Certes, le détour est complexe qui part de simples rencontres existentielles cernées de contingences matérielles quelque part en Italie au bord de la mer, en été, dans la suffocation et la monotonie des jours pour déboucher, loin, dans le monde éthéré des Idées platoniciennes. Ce que nous souhaiterions faire comprendre par cette analogie, c’est que le processus à l’œuvre chez les personnages durassiens, leur sens d’une intime dramaturgie, leur désarroi, leur désenchantement ne sont que l’envers de ce manque, de cette beauté que l’amour vrai porte à l’incandescence et qui, toujours, creuse de sa vrille nos existences dès que la mondanéité fait notre siège. Que l’amour s’absente, ne tienne ses promesses, aiguise ses incisives et nous voilà les mains vides, condamnés à l’errance, en proie à la plus vive des apories qui soit. Car personne ne peut vivre sans amour. C’est cela que nous dit Marguerite Duras, truisme dont, du reste, nous sommes éclairés jusqu’en notre tréfonds. Il suffit que la personne aimée s’absente pour que nous en fassions la cruelle expérience. Mais, ce que fait Duras, livre après livre, c’est nous délivrer cette entêtante antienne, laquelle nous dit que l’amour n’a de sens qu’à se métamorphoser en Amour, cet impossible, cet inatteignable. Et c’est une des raisons de la grande beauté de ses œuvres que de nous ramener à cela même qui nous obsède depuis la nuit des temps mais que nous oublions constamment : le Beau, autre nom pour la littérature, autre nom pour l’art.
Il n’y a pas de césure possible, de ligne de clivage qui ferait éclater l’être du réel pour le disséminer dans une multiplicité d’apparences et le rendre seulement visible sous la forme d’opinions, de vérités tronquées, d’ombres portées par de fuligineuses torches. Ce que Duras veut faire, par son écriture exigeante, c’est installer une manière de vision agrandie du réel, sortir de la Caverne, abandonner la vue étroite des illusions, des apparences, et regarder la pleine lumière, là où la vérité envahit le champ total de la conscience. On le concèdera, la tâche est immense, l’ambition littéraire démesurée et bien des lecteurs ne verront dans l’entreprise durassienne, dans ses phrases qui paraissent alambiquées, dans son style subversif et imprévisible que la projection d’un phénomène de mode, alors que c’est du contraire dont il s’agit. Duras, chercheur d’absolu à nulle autre pareille. A cette quête, il faut un talent exceptionnel, un courage exemplaire et ne pas craindre d’affronter ses détracteurs à coups de plume, à coups de gueule si nécessaire. Duras savait s’y prendre en la matière !

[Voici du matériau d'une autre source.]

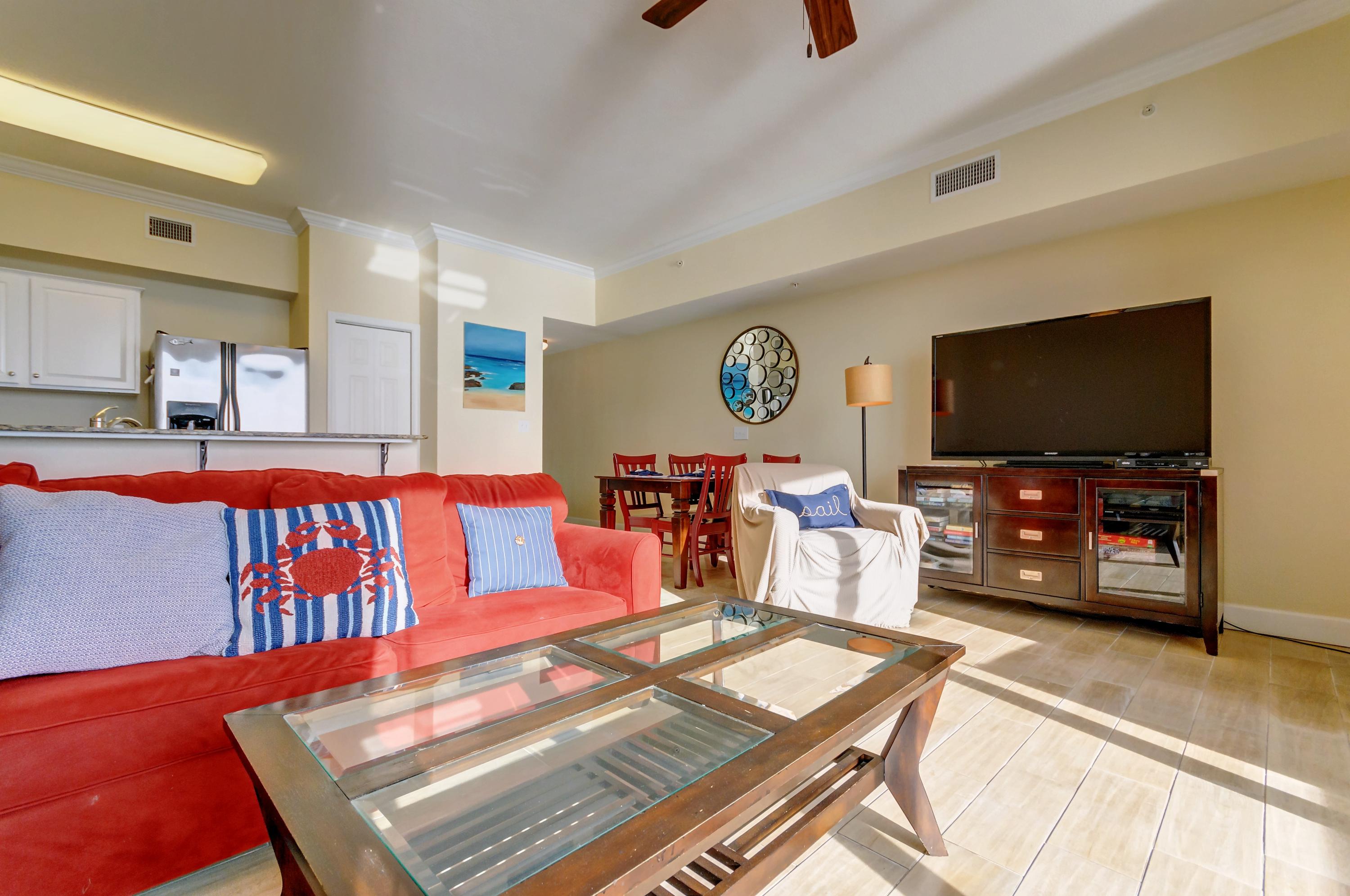 TIDEWATER BEACH STAGE 2 - Residential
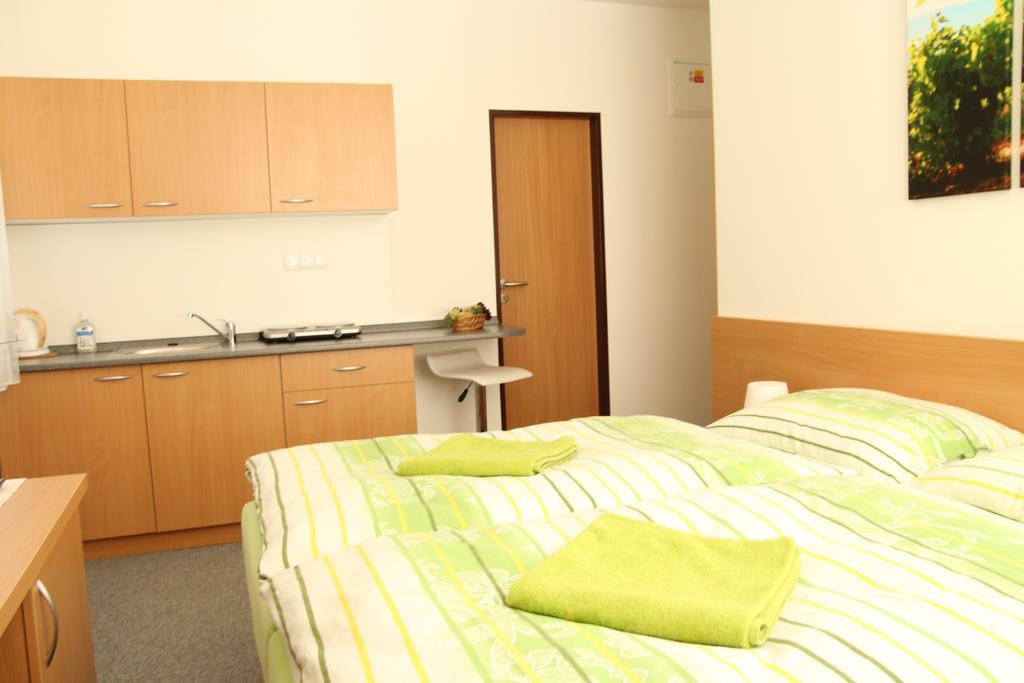 Penzion Bobule Stare Mesto  Chambre photo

Les personnages et leur degré sur l’échelle de l’Amour.


Aborder ce qui, à l’évidence, n’est qu’abstraction, à savoir le degré atteint dans la gamme des sentiments ne saurait guère trouver de claire traduction que dans deux ordres : soit celui de la musique, soit dans celui de la figuration symbolique. C’est bien évidemment à cette dernière représentation que nous demanderons de nous éclairer afin que quelque chose de l’invisible apparaisse. A cette fin nous convoquerons l’image de l’arc-en-ciel avec ses deux appuis terrestres et son ellipse céleste. Chaque protagoniste y occupera ainsi une place déterminée selon la position qu’il aura acquise sur cette échelle des sentiments.

Les petits chevaux de Tarquinia. Duras.

Interprétation du tableau :


* Plus la position occupée par chacun des protagonistes réalise une ascension vers le haut de la courbe, plus leur amour se rapproche d’une forme d’absolu : l’Amour.
* A contrario, une position basse reconduit l’amour à sa simple relativité.


+ Sara et son fils sont dans une fascination réciproque.
+ Sara et Jean échappent au piège du quotidien en transcendant un instant de passion unique.
+ Les vieux vivent dans le suspens de la mort de leur fils.
+ Diana se réfugie dans une posture intellectuelle refusant toute relativité de l’amour.
+ La bonne et le douanier se précipitent dans un amour immédiat, naïf, sans lendemain.
+ Jacques et Sara vivent la lente décomposition de leur couple.
+ Ludi et Gina ont déjà dépassé les prémices de la perdition de leur couple.


On remarquera que ceux qui se rapprochent d’un Amour Absolu sont tous, sans exception, placés sous la loi d’un interdit :
+ Sara et son fils : interdit de l’inceste.
+ Sara et Jean : interdit de l’adultère. (Ils auront une aventure mais renonceront à la poursuivre).
+ Les vieux : interdit de faire l’impasse du deuil de leur fils.
+ Diana : interdit de profaner l’amour en le ramenant dans l’ordre des contingences.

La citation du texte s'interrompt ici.